Reducing non linear laws to linear form

Yuseph · Oct 6, 2020

Yo guys,

This exercice doesnt make sense to me at all. Ive learnt that equations must not lose their equilibrium. And now i see this.

JeffM · Oct 6, 2020

The idea here is that the given data values are almost certainly erroneous (faux), but by a small and random amount.

(Alternatively, the data values given are exact but not fully explained by the process that is dominant. It is similar to calculating a trajectory while ignoring air resistance or the speed of the earth's rotation.)

The mathematics is messy so most of us use a computer. We calculate a simple line or curve in such a way as to minimize a measure of error (usually the sum of the squared errors) between the calculated result and the given data. We then should analyze the errors (though if the measure of error is small, this step is frequently skipped) before concluding that the result is good enough.

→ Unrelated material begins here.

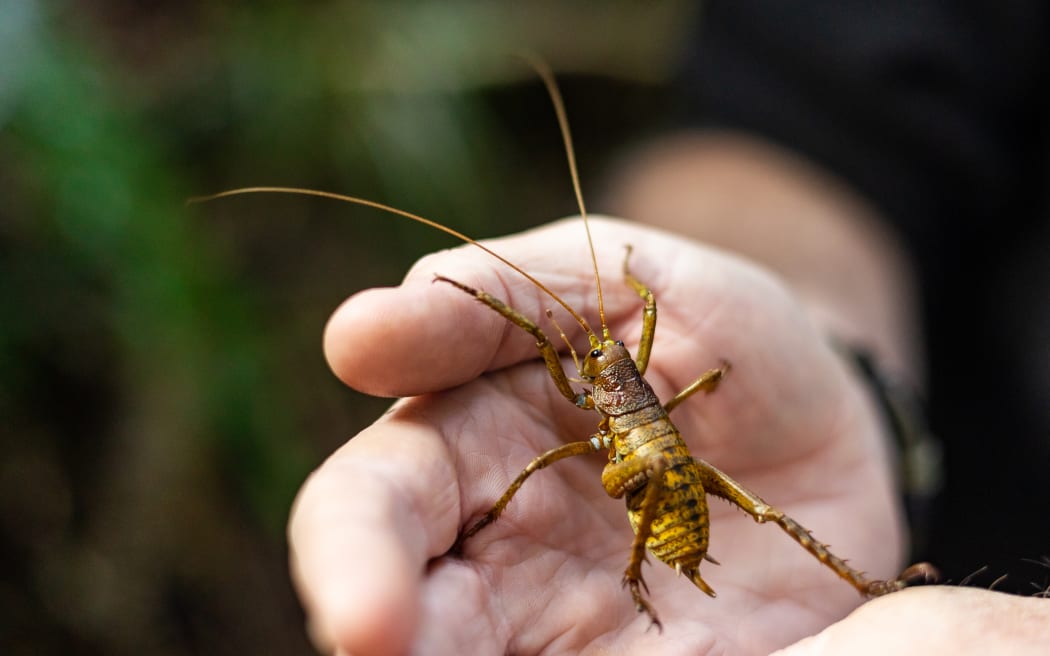 One of the giant wētā moved to Sanctuary Mountain Maungatautari.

A different way to say it is that "regression analysis" is a way to come up with simple models that seem to be reasonably good.

Yuseph · Oct 6, 2020

Alright so this is the part ive been looking to learn from day 1, linear regression for machine learning. So this is moving to approximate math now. Obviously this is just the 1st step because maths for machine learning seems like phd material

JeffM · Oct 6, 2020

I know nothing about machine learning.

The math of linear regression itself is not approximate except in the sense that the number of digits is limited. In all probability, the data is not perfect, which means you cannot get exact numerical answers. Interpreting whether the results are "good enough" calls for mathematical sophistication that I do not have.

Dr.Peterson · Oct 6, 2020

Yuseph said:
Yo guys,

This exercise doesn't make sense to me at all. Ive learnt that equations must not lose their equilibrium. And now i see this.

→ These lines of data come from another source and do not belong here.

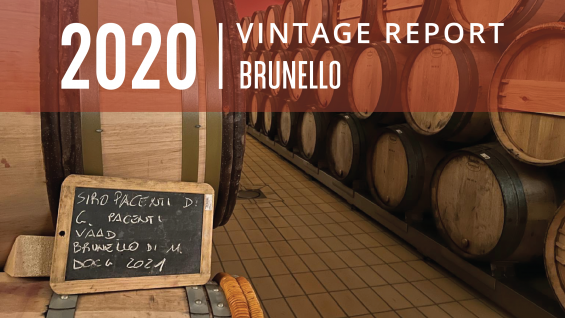 Brunello 2020 Vintage Report: Freshness Comes to the Fore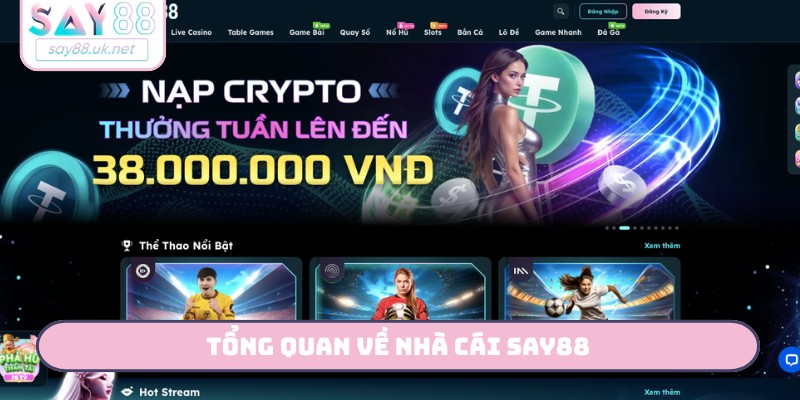 SAY88 ⭐️ Trang Chủ SAY88 | Nhà Cái Uy Tín, Đăng Ký Nhận +88K Tổng quan về nhà cái SAY88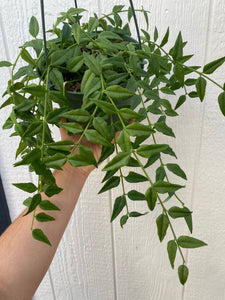 Hoya Bella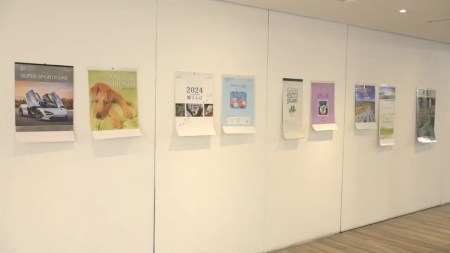 calendarios-exposicion-comfenalco-de-la-playa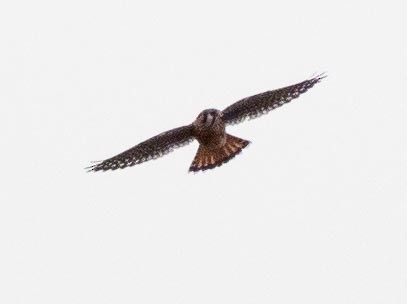 American Kestrel - ML184506301
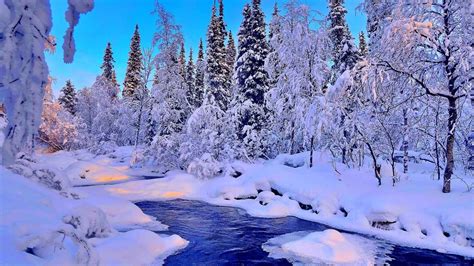 Winter Themed Wallpaper 4K - KoLPaPer - Awesome Free HD Wallpapers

Can you explain more fully what doesn't make sense to you? I'm not sure what you mean by "lose their equilibrium".

The main idea is that if you know y is a linear function of x^2, in this case ax^2 + b, you can make a new variable, say u = x^2 (your source uses X), so that y is a linear function of u. Then when you plot y against u, you can use either exact methods or linear regression to find an equation for y.

Yuseph · Oct 6, 2020

I understood the how we do it but not the why we do it.
Why would we invent fake values and get a gradient of other values ? Say x represent the number of youtube videos posted online. And y the number of new subscribers. Why would I change the real values of x and corrupt the results. Unless it's the opposite and we're only talking about results that we assume as false and those have to be matched with a law that holds true all the time.

Dr.Peterson · Oct 6, 2020

Yuseph said:
I understood the how we do it but not the why we do it.
Why would we invent fake values and get a gradient of other values ? Say x represent the number of youtube videos posted online. And y the number of new subscribers. Why would I change the real values of x and corrupt the results. Unless it's the opposite and we're only talking about results that we assume as false and those have to be matched with a law that holds true all the time.

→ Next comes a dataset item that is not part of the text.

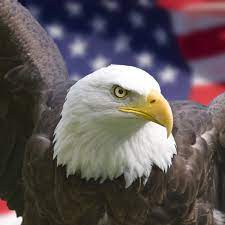 3 Reasons Why America Is The Greatest Country On Earth Soapboxie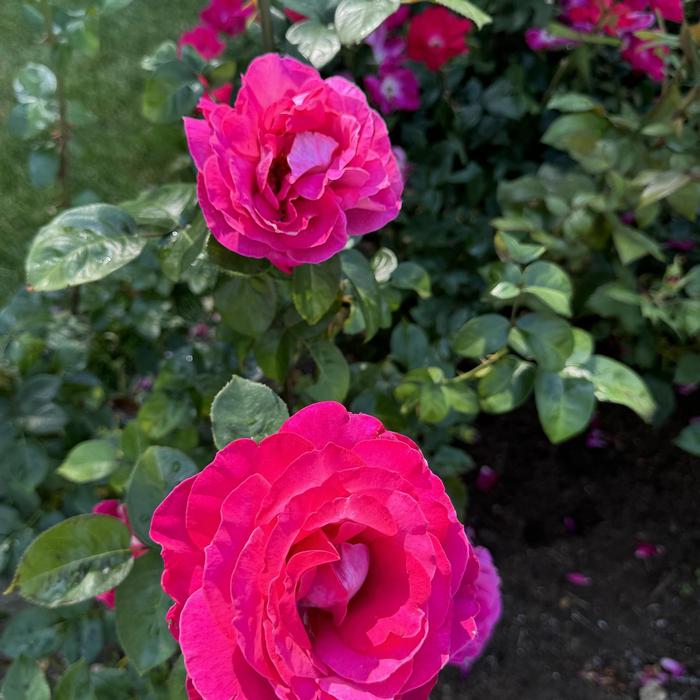 Rosa Baronne Edmond de Rothschild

Who is changing values of x? Where are there any fake values? I don't think you are fully understanding what is being done.

I've explained what it is, and no one is changing x. Another variable is being introduced to represent x^2, because we are told that y is a linear function of x^2. By graphing y as a function of this temporary variable, not x, we can see whether the data fit the equation.

It is confusing because they have put two graphs on the same axes, one (the parabola) treating the x-axis as x (as it should), while the other (the line) treats values on the x-axis as values of x^2, without renaming it. With experience I can understand that (though I've much more often see two different scales for y), but you're new to the idea, so they should have drawn two separate graphs (at first, at least) to make it clearer what they mean.

Yuseph · Oct 9, 2020

Is the reason why you think someone else plotted the graph because it rather comes off as amateur work by a pro or as professional work by an amateur ?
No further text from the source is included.